Directions for this task: Keep the images out while you retype all of the data exactly.

Data for the task:
********
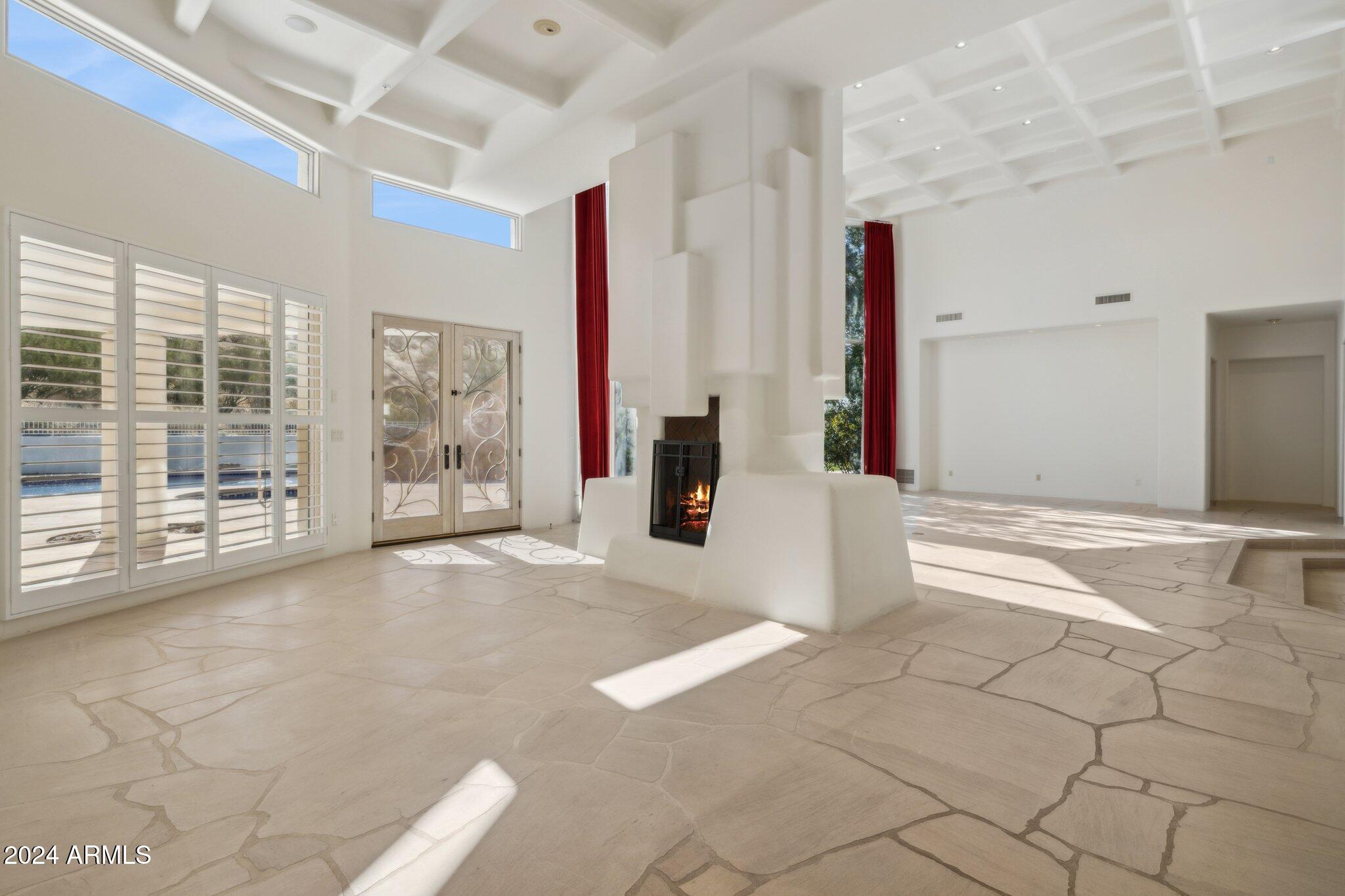 10225 E FOOTHILLS Drive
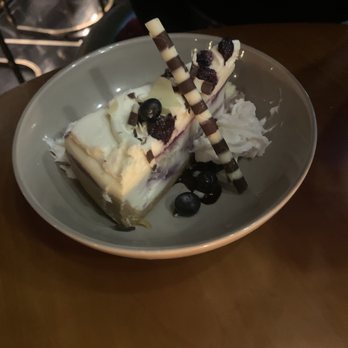 Bourbon N' Bubbles - Blueberry Cobbler Cheesecake - Bars Near Me - Charleston, South Carolina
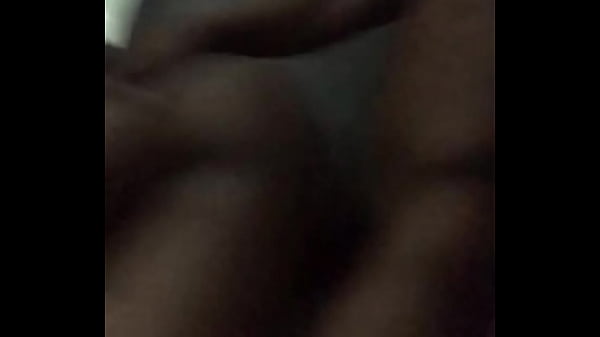 EAA94E63-CA63-491D-B8A0-AB144C94FEA1.MOV 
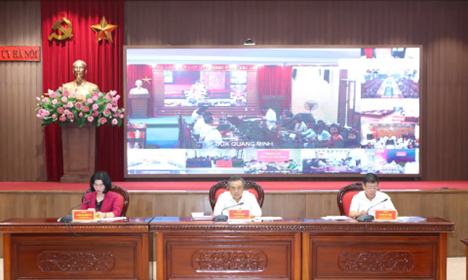 Thường trực Thành ủy - HĐND - UBND TP Hà Nội giao ban với các xã, phường Quý III/2025: đẩy mạnh phân cấp, phân quyền toàn diện và thực chất- Ảnh 1.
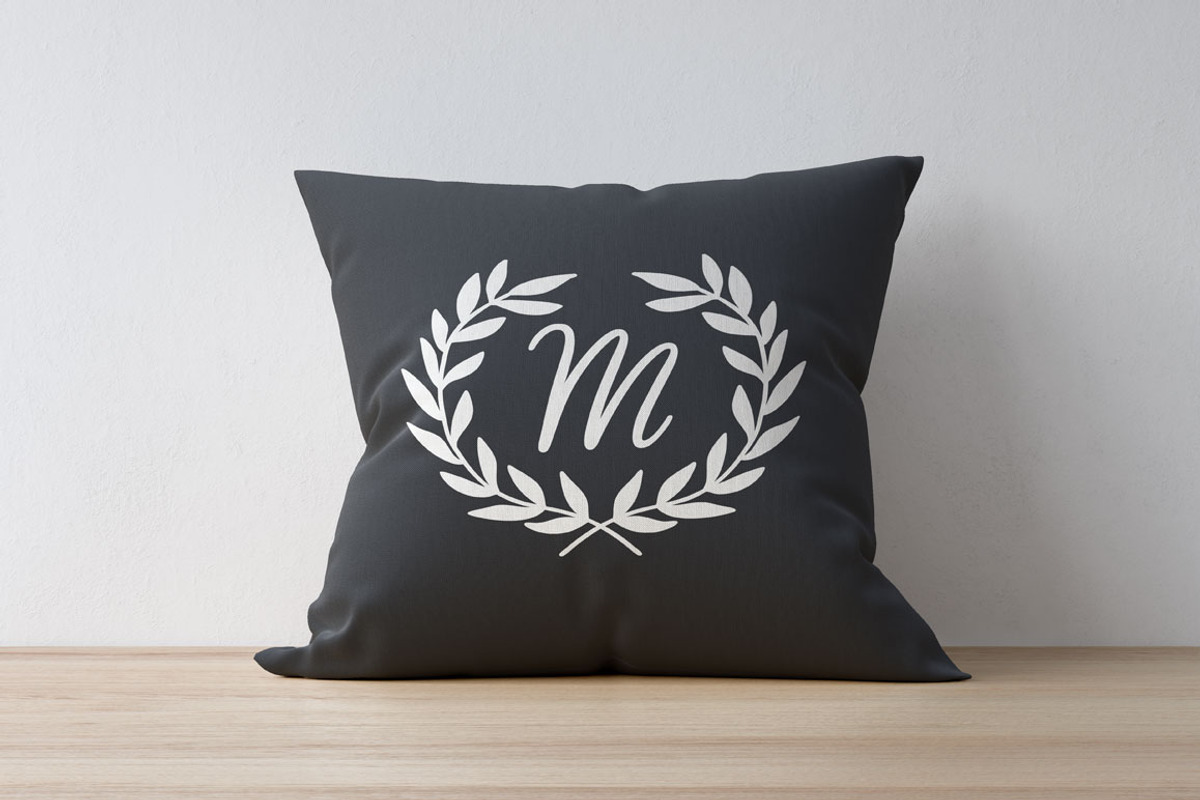 Wreath Monograms Dingbat Font preview 4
********
Written solution:
 10225 E FOOTHILLS Drive
 Bourbon N' Bubbles - Blueberry Cobbler Cheesecake - Bars Near Me - Charleston, South Carolina
 EAA94E63-CA63-491D-B8A0-AB144C94FEA1.MOV 
 Thường trực Thành ủy - HĐND - UBND TP Hà Nội giao ban với các xã, phường Quý III/2025: đẩy mạnh phân cấp, phân quyền toàn diện và thực chất- Ảnh 1.
 Wreath Monograms Dingbat Font preview 4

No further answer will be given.